In 2006, she published groundbreaking research about the thyroid and how it drives evolutionary change. One year later, she was featured in a PBS documentary on dog domestication.
Crockford is a signatory of the 2008 International Conference on Climate Change’s Manhattan Declaration, which claims human activity and greenhouses gases have had little effect on global temperatures.
Between 2011 and 2013, she was paid by The Heartland Institute to share research that was overlooked by the Intergovernmental Panel on Climate Change.
For example, the IPCC’s report “Global Warming 1.5°C” (which is often cited by activists as proof of impending doom) contains nothing to suggest the world will burn or that humans will become extinct.
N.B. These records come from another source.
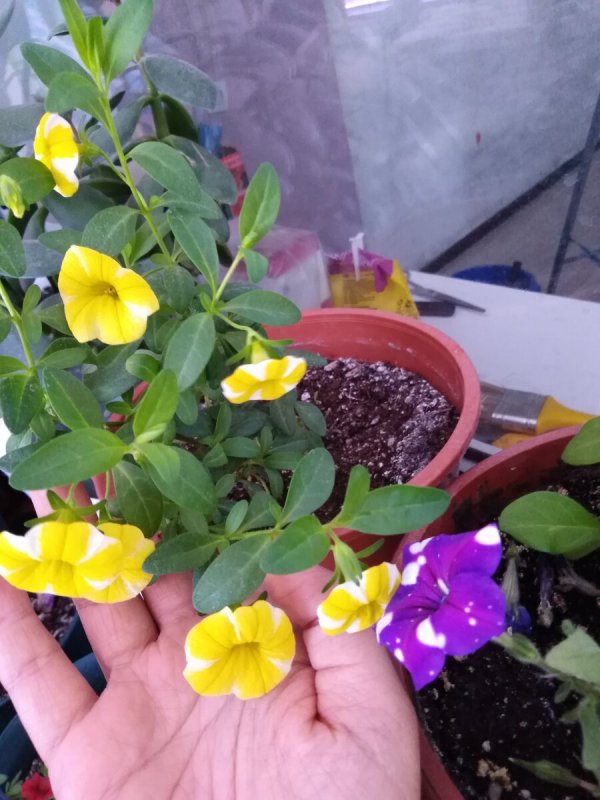 Сеянцы калибрахоа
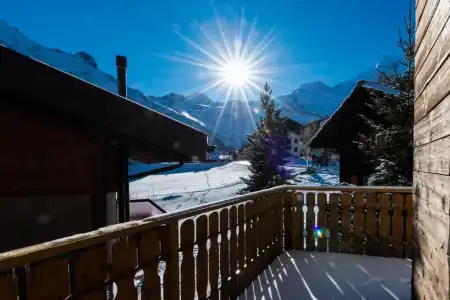 Alpenperle - 29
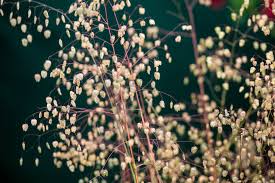 Attēlu rezultāti vaicājumam “Briza media flower”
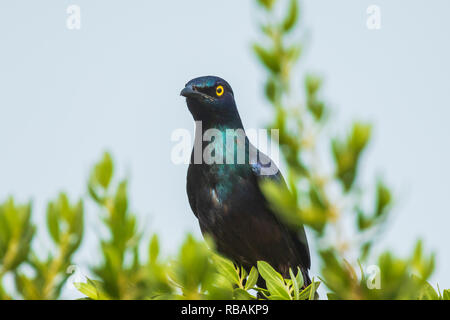 Schwarz-bellied Glossy Starling Lamprotornis corruscus Vogel auf einem Zweig in einem Wald thront. Stockfoto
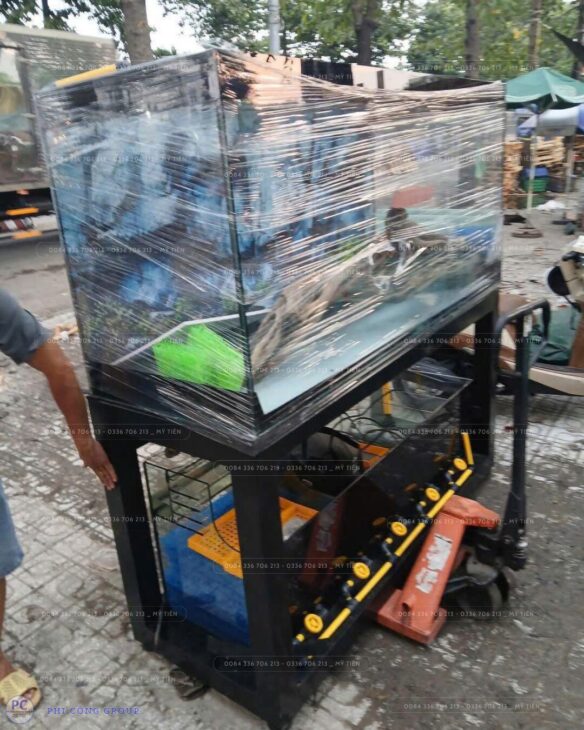 GỬI HỒ CÁ ĐI ÚC BẰNG ĐƯỜNG TÀU BIỂN – GIAO TẬN NHÀ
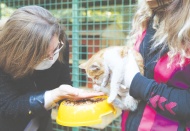 6 bin sokak hayvanının bakımı üstlenildi, 2 bini sahiplendirildi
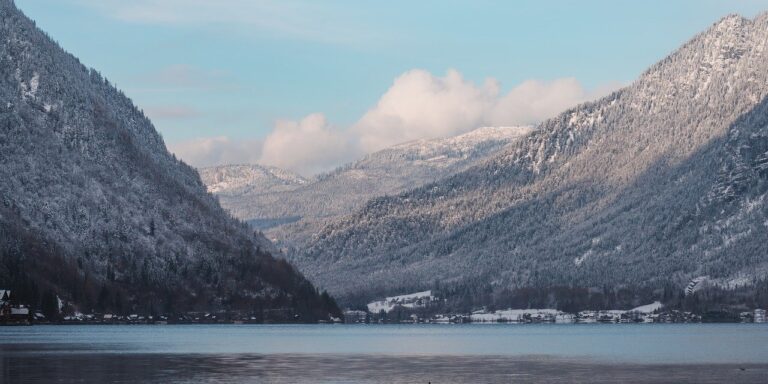 Photo by ahmetyuksek misty forest, pine trees, winter wonderland, hd wallpaper, nature, serene, nature background, cold weather, beautiful wallpaper, windows wallpaper, full hd wallpaper, 4k wallpaper, wilderness, wallpaper hd, laptop wallpaper, mac wallpaper, wallpaper 4k, desktop backgrounds, dreamy, landscape photography, nature lovers, nature wallpaper, cool backgrounds, frosted trees, wallpaper, background images, background, free background, free wallpaper, 4k, pictures, 4k wallpaper 1920x1080, beautiful nature, desktop wallpaper, desktop background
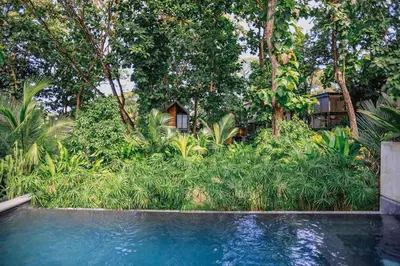 a swimming pool in front of a house with trees at D'Village 8 - 1 bdr loft in Mal País in Mal País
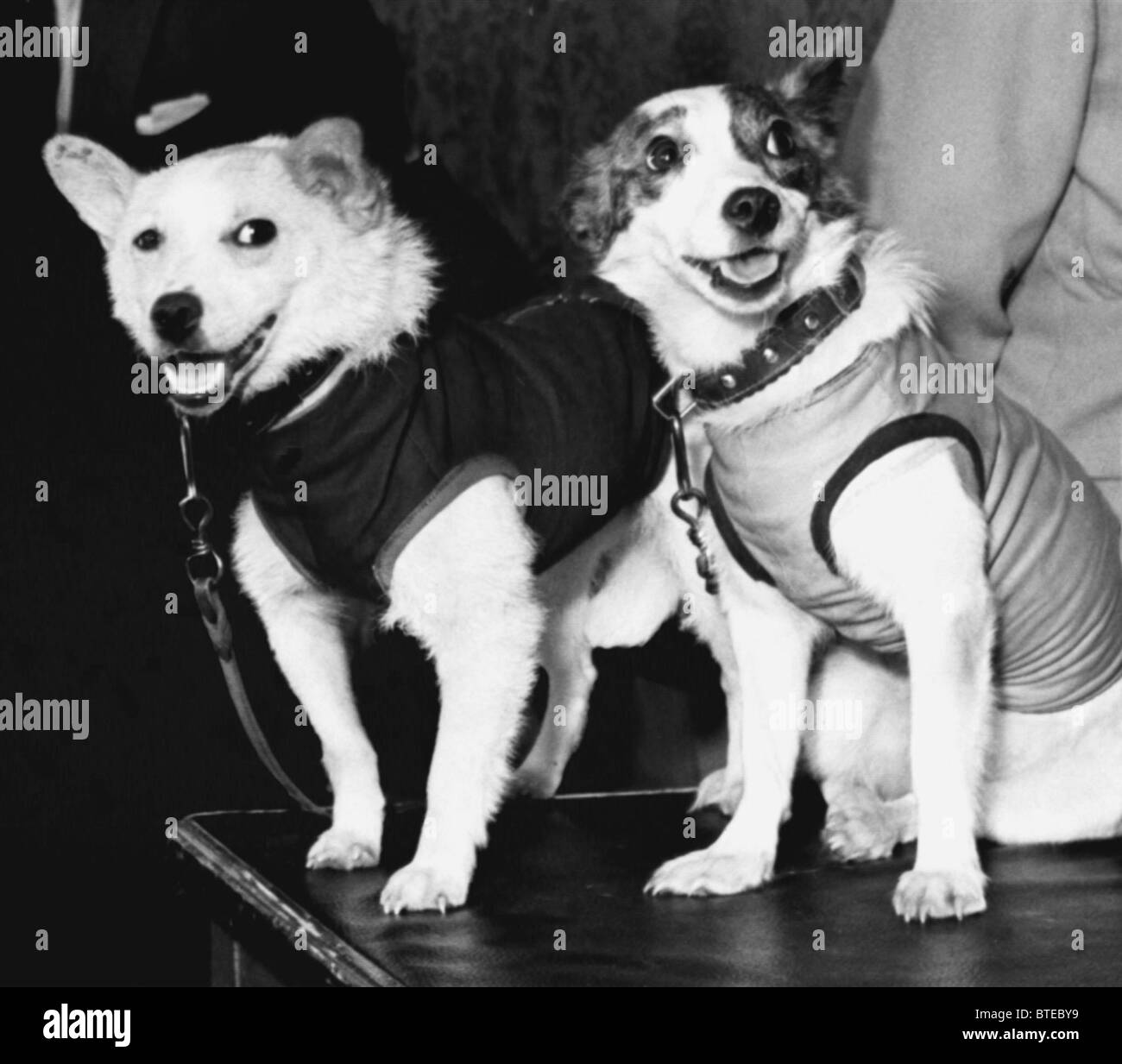 Belka Strelka Black and White Stock Photos & Images - Alamy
Nearly all claims in the report are listed ‘medium confidence,’ which is essentially a rating of 3 of 5.
In 2017, UVic canceled Crockford’s lectures after activists complained her talks ‘lacked balance.’ One year later, her work was featured in Science, one of the most prestigious scientific journals in the world.
“Put it this way: religion, race, evolution, gender, indigenous peoples, nuclear power, polar bears, deforestation…Any views on these topics that don’t fall in line with the ‘consensus’ are taboo,” explains UVic Economics Professor Cornelis van Kooten. “Think the extent to which free speech has been banned from campuses across much of the West in the name of political correctness.”
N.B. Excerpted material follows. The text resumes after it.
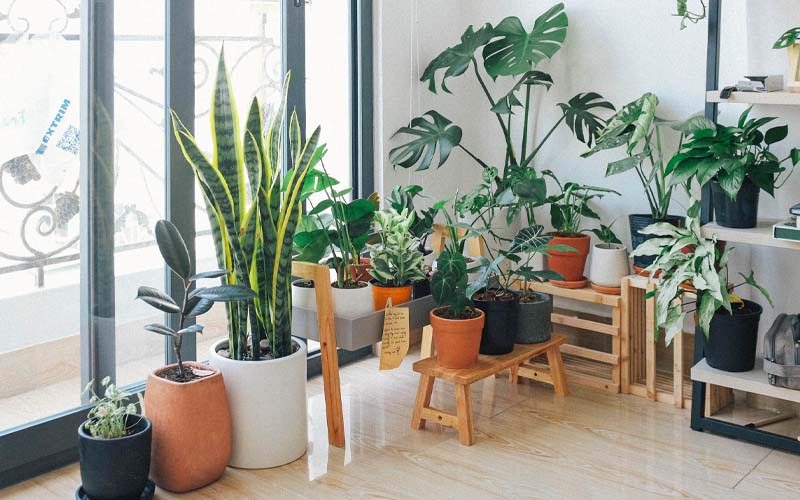 10 House Plants that Absorb Humidity Successfully Perfectway.me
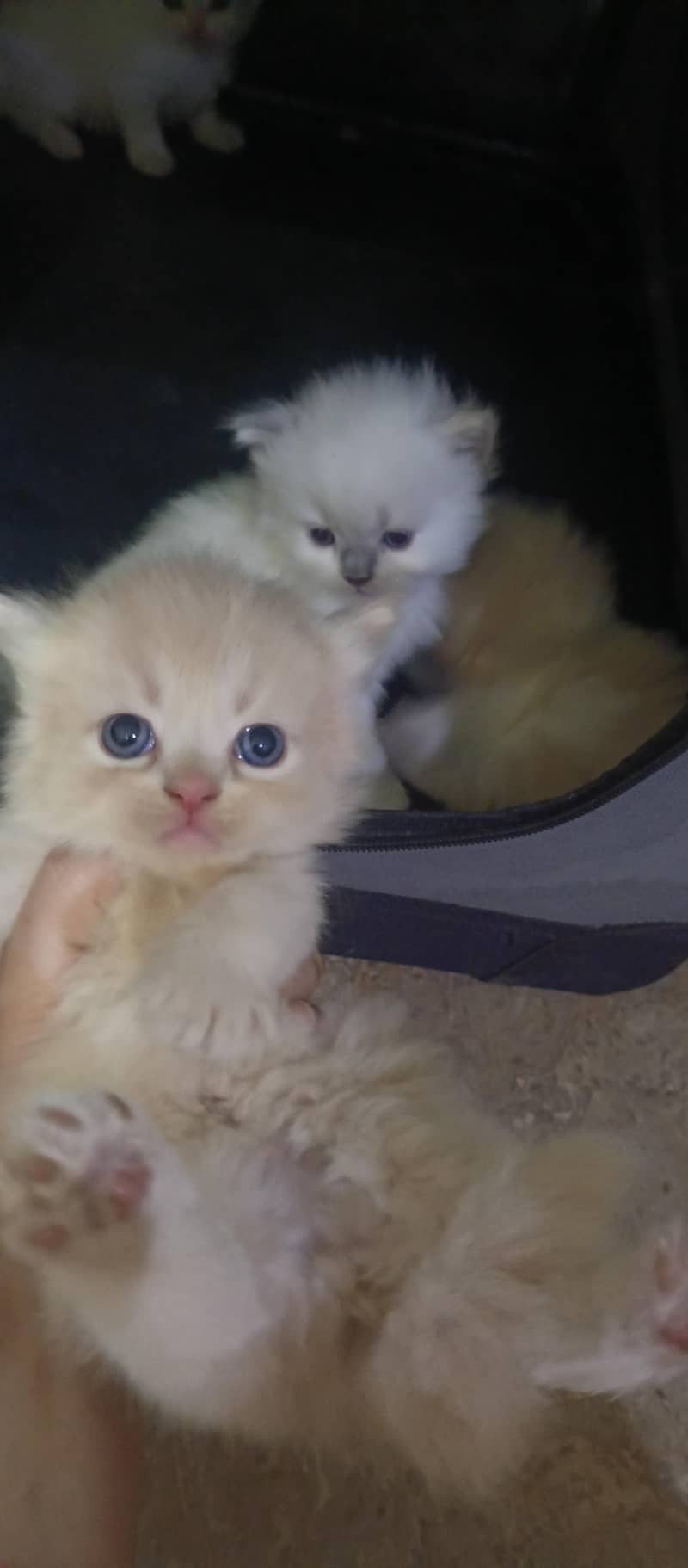 cute kittens 0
Citing a headline in the National Post of Toronto, Crockford argues she was fired for “telling school kids politically incorrect facts about polar bears.” UVic Associate Vice President Michele Parkin denied the accusation but failed to provide a reason for Crockford’s termination.
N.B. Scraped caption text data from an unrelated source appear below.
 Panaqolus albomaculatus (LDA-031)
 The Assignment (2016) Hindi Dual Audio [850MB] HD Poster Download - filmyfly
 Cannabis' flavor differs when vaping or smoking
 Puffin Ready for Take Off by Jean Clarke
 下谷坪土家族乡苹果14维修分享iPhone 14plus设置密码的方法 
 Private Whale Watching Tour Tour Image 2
This month, Crockford begins a five-country speaking tour in Europe, where she will talk about her research as an internationally-recognized scientist not affiliated with any university.
Author’s Note: The iconic image of a polar bear ‘trapped’ on a chunk of ice is often used by activists to suggest the harmful effects of global warming. The problem with this is that polar bears can swim – regularly 30 miles or more, and as far as 220 miles – so they are not trapped, they are just fishing.
Furthermore, the official population of polar bears has been estimated between 22,000 and 31,000 (not the few thousand that activists claim).